La nube que remolineaba se había vuelto verde, con bruscas iluminaciones interiores púrpuras o lilas. Un ruido aterrador, continuo, bajaba hacia la tierra, el ruido de mil truenos contenidos. Un haz de relámpagos perforó la superficie y golpeó el aparato de la Universidad, que desapareció en una llama.
En el estrépito que se oyó y que estremeció la Torre, Paikan bajó corriendo al departamento, y en la terraza se sumergió en la piscina.
Eléa estaba allí, hundida en la arena, la cara recubierto con la máscara y disimulada bajo las algas. Vio llegar a Paikan que le hacía señas. Surgió entonces de su escondite, y subió con él a la superficie.
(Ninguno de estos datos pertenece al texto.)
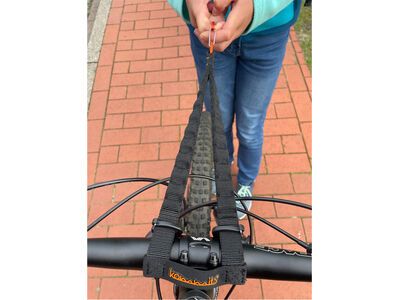 kommit Bike Bungee, schwarz/orange - Bild 9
Trombas de agua caían de la nube, llevadas por un viento arremolinado que sacudía las casas de recreo sujetas a sus anclas. Una ráfaga se enrolló alrededor de la Torre y trató de arrancarla. La Torre gimió y resistió. El viento barrió el árbol de seda que subió descabellado, hacia la nube, y desapareció en un agujero negro.
Paikan había llevado con él a Eléa hasta la cúpula. La parte baja de la nube la acababa de alcanzar, y se rajaba sobre ella, mezcla de viento aullante, de bruma opaca, de lluvia y de granizo, iluminado por la sucesión de los relámpagos. Ellos acababan de hebillar el cinturón del arma cuando vieron llegar a los del taller, que pegaron sus narices contra un vidrio de la Cúpula. Paikan abrió. Dos reparadores saltaron adentro de la Torre, acompañados por los aullidos y los cañonazos del tornado.